Man for man I'll do 25x more revenue with a drain machine than your boss will plumbing a new house.


----------



## Oorgnid (Apr 5, 2016)

dhal22 said:


> Man for man I'll do 25x more revenue with a drain machine than your boss will plumbing a new house.


I don’t doubt it. I’ve been trying to talk him into it. He seems like he’s ready to break but I dunno. Same time, I feel like just saving up and doing it myself. He doesn’t know how to bill customers, that’s the problem. He thinks because you can’t open a drain, you can’t charge the customers For
Your time spent. 

I’m constantly charging people three different service call prices. Standard call is $75. Though he said about upping it to $80. So I’ve been charging $80, but then he’ll say $75. Then I’ll ask because he confuses me and if it’s a repeat customer or his friend, he’ll say $60. It’s very hard to just bill someone when your hourly rate jumps around. Oh well.


----------



## Tommy plumber (Feb 19, 2010)

dhal22 said:


> Man for man I'll do 25x more revenue with a drain machine than your boss will plumbing a new house.


 













I agree; with service plumbing repairs we can charge the most. Then with re-models, I can charge a nice price, but not anything close to what I can get per hour doing service {I am flat rate, but if you figure out the hourly rate, it is up there}, and last is new construction; I can get paid, but for all the hours involved, it is no where near what I can earn doing service work which of course includes drain cleaning. Plus with new construction, we have to deal with other subs, permits, inspectors, inspections, and of course the hated general contactor who ALWAYS thinks that the plumber is charging too much money for the simple, little, easy, job which doesn't take much time to do, because after all it's just installing a few pipes.

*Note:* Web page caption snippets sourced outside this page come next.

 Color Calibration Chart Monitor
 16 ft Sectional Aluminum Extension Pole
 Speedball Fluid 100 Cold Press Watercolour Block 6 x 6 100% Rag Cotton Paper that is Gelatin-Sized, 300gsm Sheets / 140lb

With drain cleaning, as a general rule, there is no material used off the truck. So no trips to the supply house to re-stock the truck.

Show up, clear the stoppage, collect and you are the hero who saved the day.

I love new construction plumbing, that is what I first did in this trade, but I prefer to deal directly with a homeowner, resolve the problem, leave them with a good taste about my company and move on to the next service call.


----------